Context:
In my recent answer I proved that a certain map $T$ is linear, and smooth. In that answer I work with a Cauchy foliation $\Omega_s(x,y,z)$ of a Lorentzian manifold. In this question I will take the same foliation of one lower dimension and embed it in Euclidean space with the usual metric, instead of Lorentzian space.
(2+1)-dim.
Let $x,y$ be space variables and let $s$ be a time variable i.e. $(2+1)$-dim. (later on I will reverse these dimensions).
With this embedding into Euclidean space it turns out that $\Omega$ now satisfies a nonlinear first order partial differential equation
$$2\sqrt{s}\frac{\partial}{\partial s}\sqrt{\Omega}=\sqrt{x}~\Psi\Omega$$
where $$\Psi \Omega := \sum_{i=1}^2 \sqrt{-\frac{\partial}{\partial x_i}\Omega}$$
let $x_1=x$ and $x_2=y$. Then equivalently we have
$$ 2\sqrt{s} \frac{\partial}{\partial s} \sqrt{\Omega_s(x,y)}=\sqrt{x}~\sqrt{-\frac{\partial}{\partial x}\Omega_s(x,y)}+ \sqrt{x}\sqrt{-\frac{\partial}{\partial y}\Omega_s(x,y)} \tag{1}$$
where we recover a particular solution using the ansatz:
$$\Omega_{s}(x,y)= \varphi_s(x)\varphi_s(y) \space\space\space\space\space{x,y\in(0,1)} \space\space\space{s >0}$$
where $\Omega_s(x,y)=e^{\frac{s}{\log x}+\frac{s}{\log y}}.$
This ansatz is leveraged from recognizing that $\varphi_s(x)$ is a solution to the linear parabolic diffusion equation:
$$ s\frac{\partial^2}{\partial s^2} \varphi_s(x)=-x\frac{\partial}{\partial x} \varphi_s(x) \tag{2} $$
and that $\varphi_s(y)$ is a solution to the linear parabolic diffusion equation:
$$s\frac{\partial^2}{\partial s^2} \varphi_s(y)=-y\frac{\partial}{\partial y} \varphi_s(y) \tag{3}$$
Probability theory:
If you're familiar with probability theory, if we think of $\varphi_s(x)$ and $\varphi_s(y)$ as unnormalized marginal distributions, then $\Omega_s(x,y)$ is just the joint distribution, for $x$ and $y$ independent random variables.
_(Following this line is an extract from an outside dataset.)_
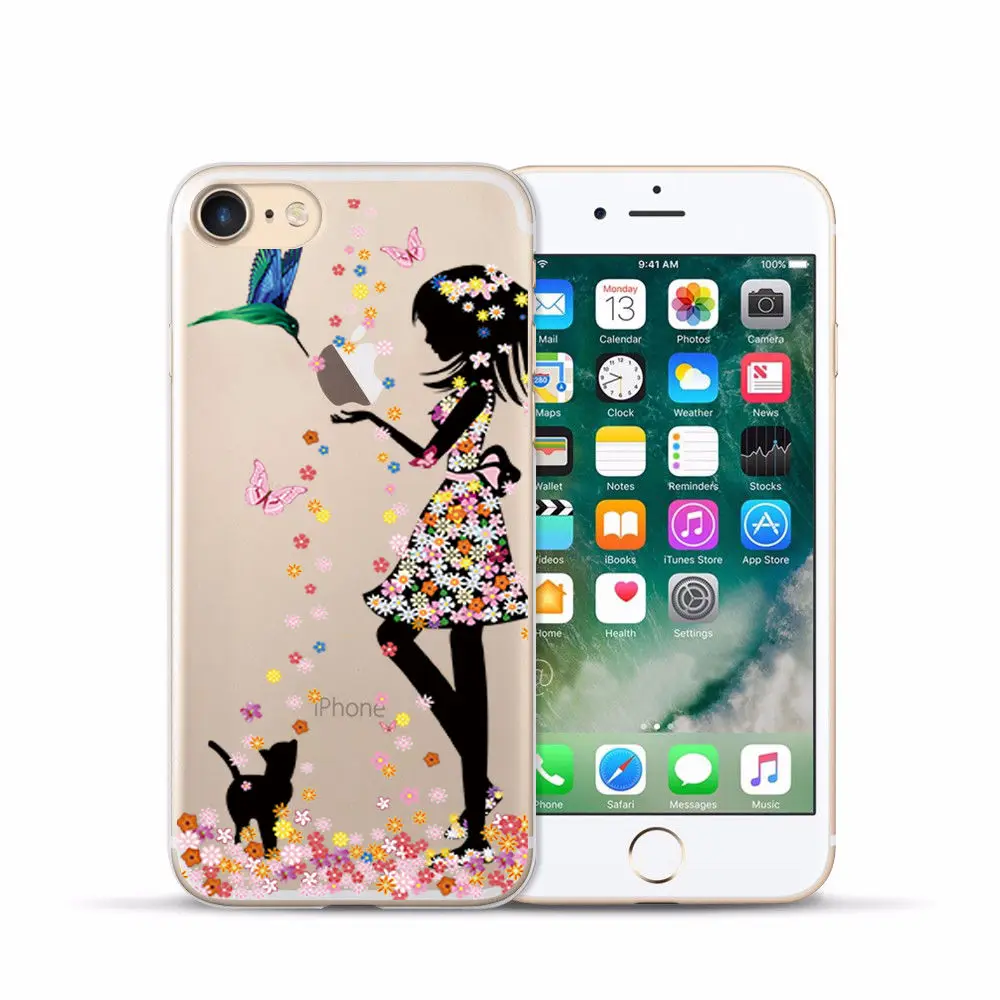 Arvin Case FOR Iphone 6s Soft Clear Protective TPU Back Cover FOR 5 5S 6 sPlus X XS Max XR Painting Silicon Cover FOR Iphone 7 (5)
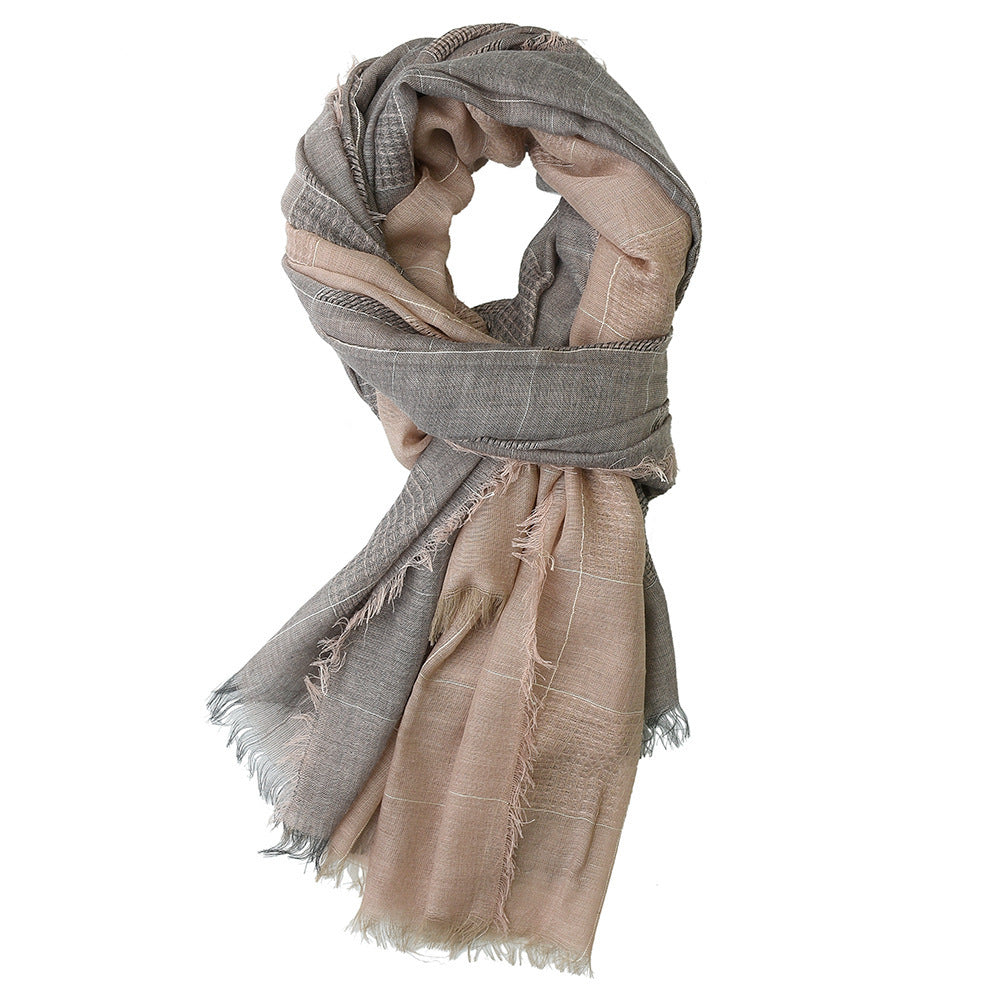 Men's Winter Dual-color Patchwork Plaid Tassel Large Size Scarf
This implies that the marginals satisfy linear PDE's but the joint satisfies a nonlinear PDE.
(1+2)-dim.
Now let $s_1$ and $s_2$ be time variables and let $x$ be the only space variable. We've reversed the above dimensions.
In this case, we have $$\psi_s(x)=e^{\frac{s_1}{\log x}}e^{\frac{s_2}{\log x}}=e^{\frac{s_1+s_2}{\log x}}$$
which solves the linear PDE
$$ \bigg(\sum_{i=1}^2 s_i\bigg)\Delta \psi=-2x\frac{\partial}{\partial x} \psi \tag{4} $$
Is there a theoretical reason why switching the dimensions of time and space here, results in a linear vs. nonlinear PDE?
Note that in one dimension both $\varphi$ and $\psi$ satisfy $(1)$ and $(4)$ making this nontrivial. In one dimension there is common ground between the linear and nonlinear PDE's but there is divergence when the dimensions increase.